_Problem statement_
Each line of the data must reappear exactly in your answer, with no images included.

_Dataset records_

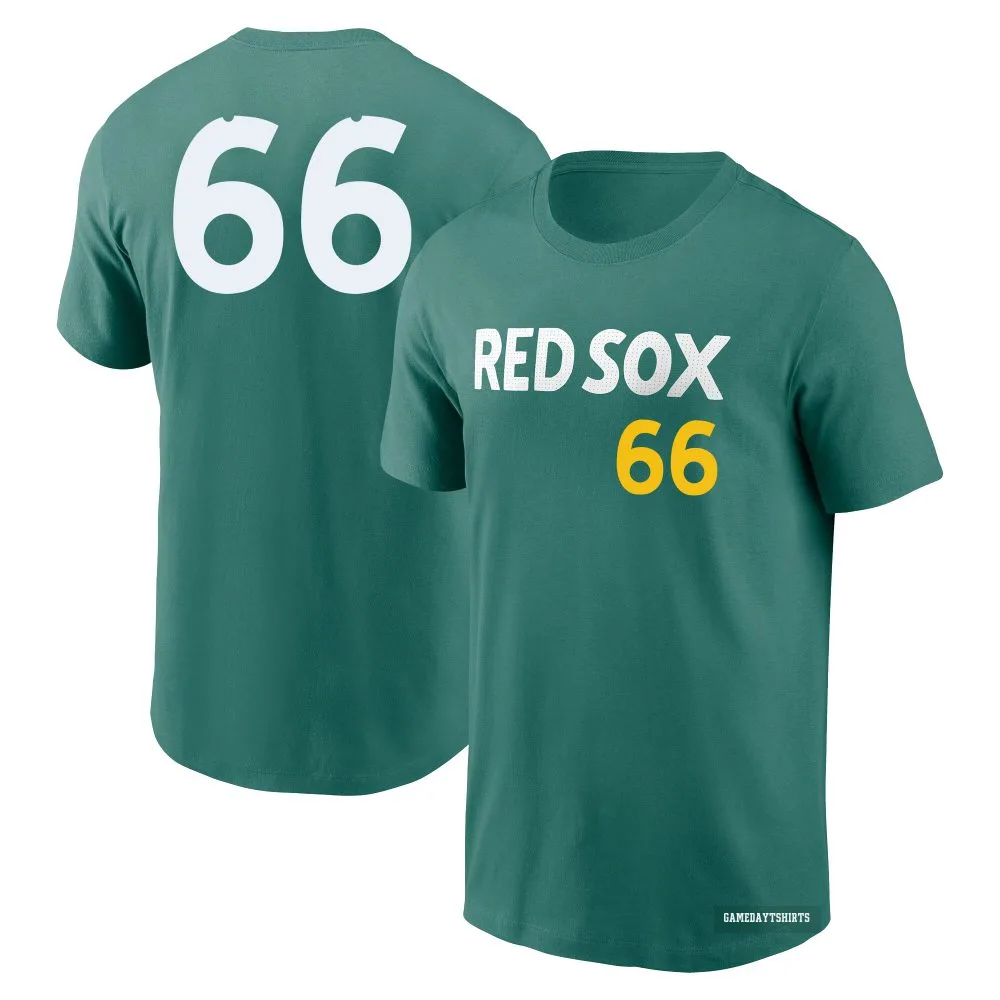 Brayan Bello Boston Red Sox ＃66 Green 2025 City Connect Fuse T-Shirt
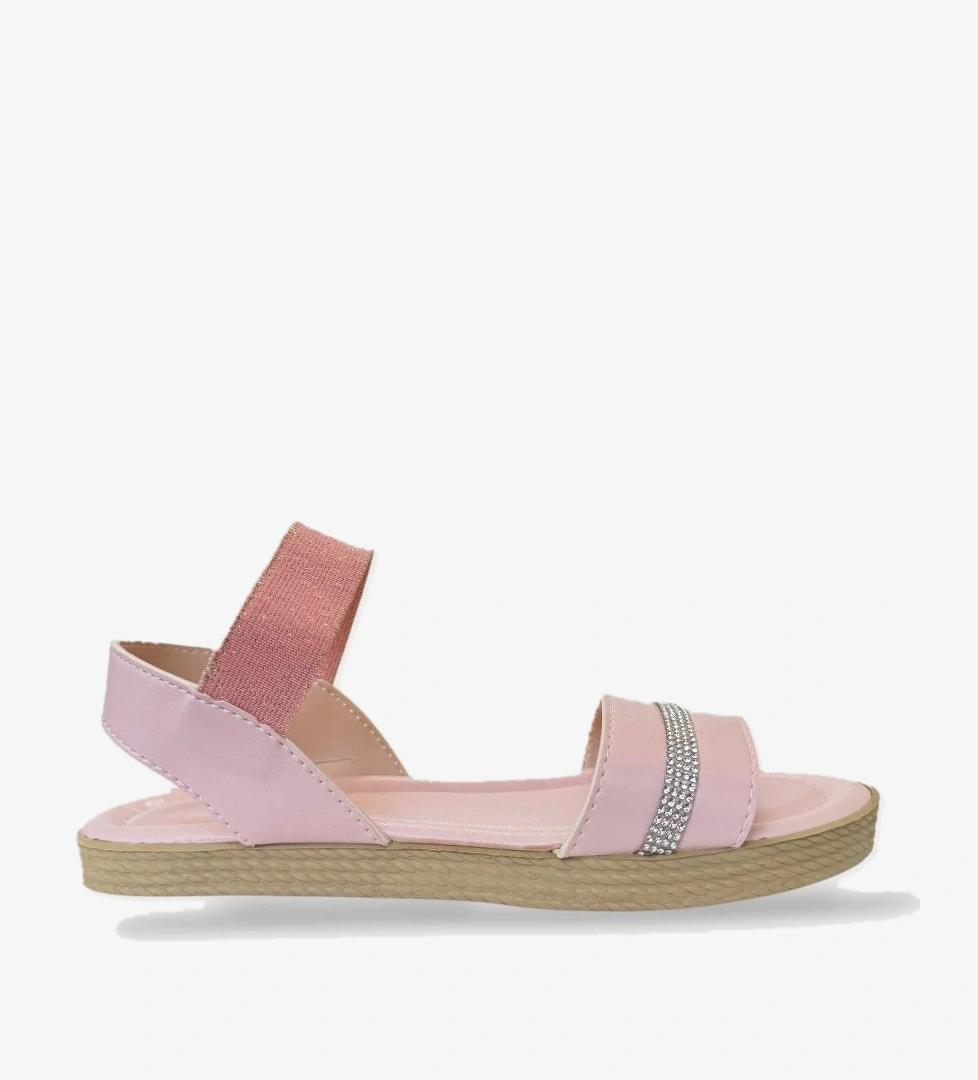 Kadın Taşlı Tek Bant Lastik Detaylı Sandalet PUDRA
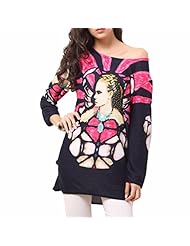 Girls General Print Long Sleeves Belted Cashmere Mini Dress 
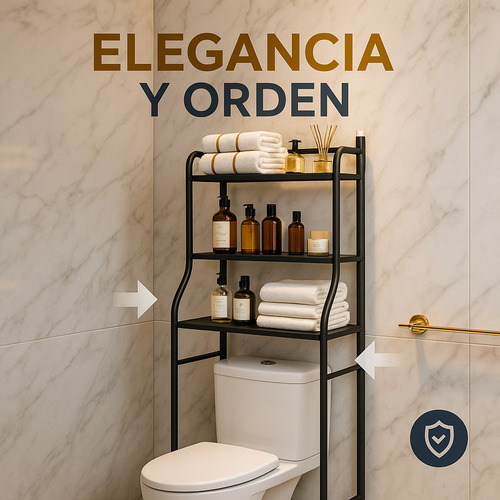 Mueble De Baño Sobre Water Estante Inodoro Los Gurises Negro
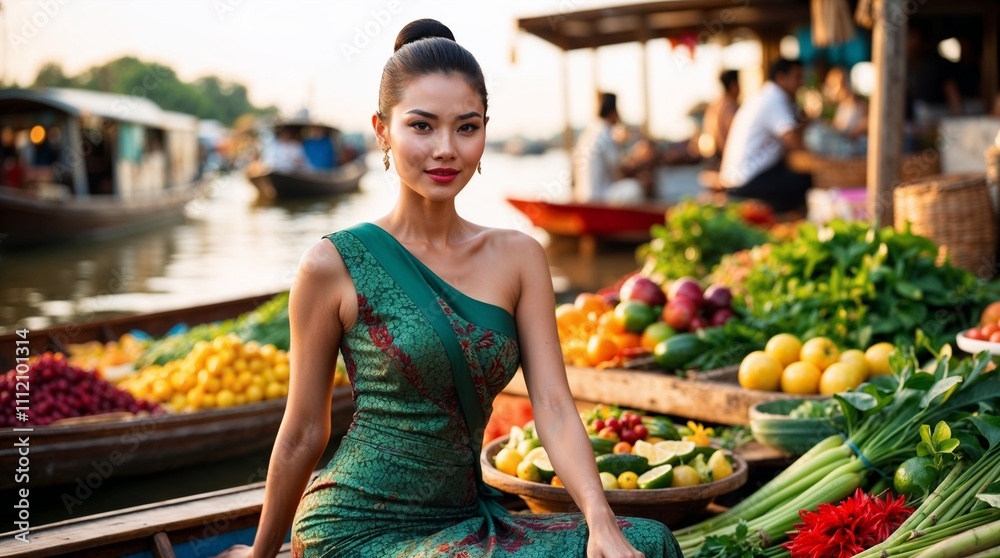 Graceful Woman at a Vibrant Floating Market Graceful Woman at a Vibrant Floating Market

_Expected answer_
 Brayan Bello Boston Red Sox ＃66 Green 2025 City Connect Fuse T-Shirt
 Kadın Taşlı Tek Bant Lastik Detaylı Sandalet PUDRA
 Girls General Print Long Sleeves Belted Cashmere Mini Dress 
 Mueble De Baño Sobre Water Estante Inodoro Los Gurises Negro
 Graceful Woman at a Vibrant Floating Market Graceful Woman at a Vibrant Floating Market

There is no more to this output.